To: Quix
Yes. As even a cursory reading of the history of the era will testify, Arminius was a Calvinist who never left and was never kicked out. He wrote glowingly of Calvin and recommended Calvin's Commentaries above all other writings save the bible.
Therefore, I am a calvinist in the tradition of Arminius.
288 posted on
01/22/2005 7:54:46 PM PST by
xzins
(Retired Army Chaplain and Proud of It!)
To: Quix
After your cursory read, go back and do a little checking on his explitic disagreement with the Reformed university at which he was employed, the Dutch Reformed church, and the Belgic Confession.
He may have been an admirer of Calvin's work, but he disagreed sharply with some main theological points of Calvinism.
293 posted on
01/22/2005 7:58:28 PM PST by
Frumanchu
(I fear the sanctions of the Mediator far above the sanctions of the moderator...)
To: xzins
I C.
Poor fellow. Maybe his corpus collasum was split.
294 posted on
01/22/2005 7:59:03 PM PST by
Quix
(HAVING A FORM of GODLINESS but DENYING IT'S POWER. 2 TIM 3:5)

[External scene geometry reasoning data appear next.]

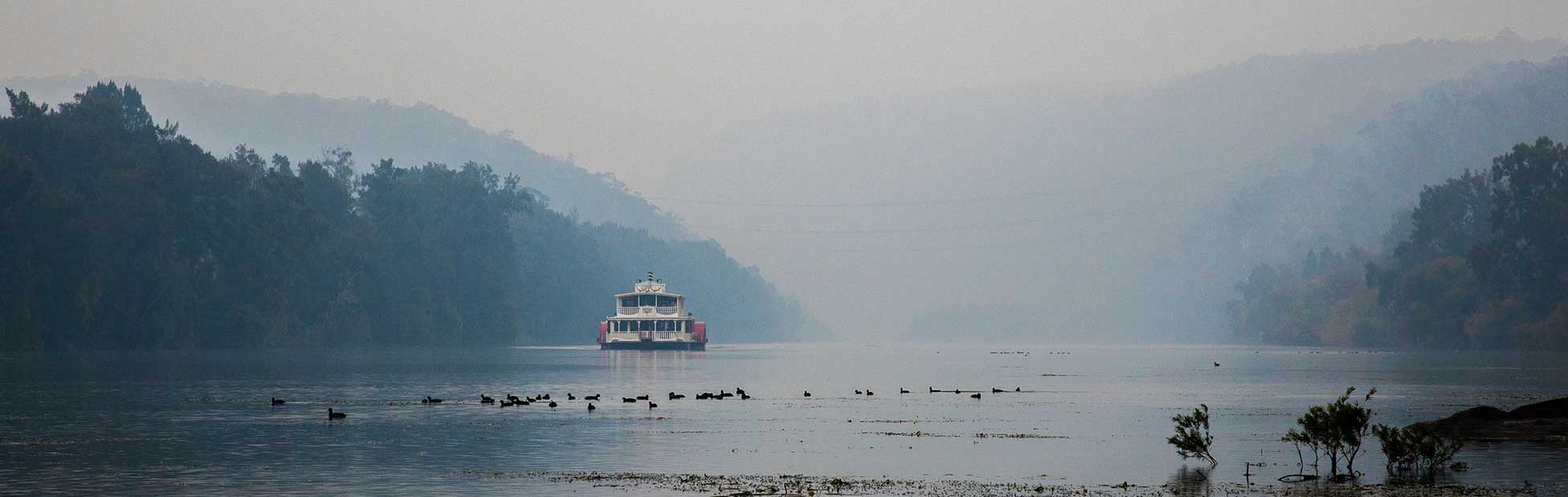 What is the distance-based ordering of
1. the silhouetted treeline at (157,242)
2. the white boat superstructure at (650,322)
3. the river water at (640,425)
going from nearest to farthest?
the river water at (640,425) → the silhouetted treeline at (157,242) → the white boat superstructure at (650,322)

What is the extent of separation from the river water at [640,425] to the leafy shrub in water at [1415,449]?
72 cm

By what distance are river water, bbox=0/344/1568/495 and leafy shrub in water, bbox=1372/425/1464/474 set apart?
0.72m

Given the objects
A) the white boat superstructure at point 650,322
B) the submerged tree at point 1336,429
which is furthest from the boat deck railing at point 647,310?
the submerged tree at point 1336,429

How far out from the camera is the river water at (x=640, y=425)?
40094mm

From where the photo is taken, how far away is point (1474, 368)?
11569 centimetres

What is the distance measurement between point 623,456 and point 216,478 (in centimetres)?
1123

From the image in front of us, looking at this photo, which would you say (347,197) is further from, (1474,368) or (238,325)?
(1474,368)

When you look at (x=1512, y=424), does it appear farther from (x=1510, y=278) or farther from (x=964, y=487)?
(x=1510, y=278)

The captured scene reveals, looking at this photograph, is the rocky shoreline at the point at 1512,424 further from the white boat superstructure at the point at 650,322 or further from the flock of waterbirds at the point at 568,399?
the white boat superstructure at the point at 650,322

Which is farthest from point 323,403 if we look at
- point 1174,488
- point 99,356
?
point 99,356

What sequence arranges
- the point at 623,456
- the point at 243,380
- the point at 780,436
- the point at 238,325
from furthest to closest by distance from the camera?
Result: the point at 238,325 < the point at 243,380 < the point at 780,436 < the point at 623,456

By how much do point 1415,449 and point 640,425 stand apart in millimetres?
27503

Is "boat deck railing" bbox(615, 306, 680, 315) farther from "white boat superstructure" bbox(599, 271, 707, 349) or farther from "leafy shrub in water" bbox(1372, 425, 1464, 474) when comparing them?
"leafy shrub in water" bbox(1372, 425, 1464, 474)

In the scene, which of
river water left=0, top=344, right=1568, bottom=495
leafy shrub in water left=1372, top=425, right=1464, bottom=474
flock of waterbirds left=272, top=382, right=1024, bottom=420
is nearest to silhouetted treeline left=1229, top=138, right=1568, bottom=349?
river water left=0, top=344, right=1568, bottom=495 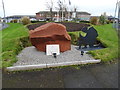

To: xzins; Quix; Frumanchu
"Arminius was a Calvinist who never left and was never kicked out. He wrote glowingly of Calvin and recommended Calvin's Commentaries above all other writings save the bible." Yes, and he rejected just about everything Calvin wrote. A wolf in sheep's clothing.
312 posted on
01/22/2005 11:08:25 PM PST by
HarleyD
To: xzins
Arminius was a Calvinist who never left and was never kicked out. He wrote glowingly of Calvin and recommended Calvin's Commentaries above all other writings save the bible.And I (and many) of the Protestants that post here were RC ...and still have a standing in that church even though we rebuke some of its teachings.
Wesley lived and died and was buried as an Anglican priest with out a church or a pulpit there.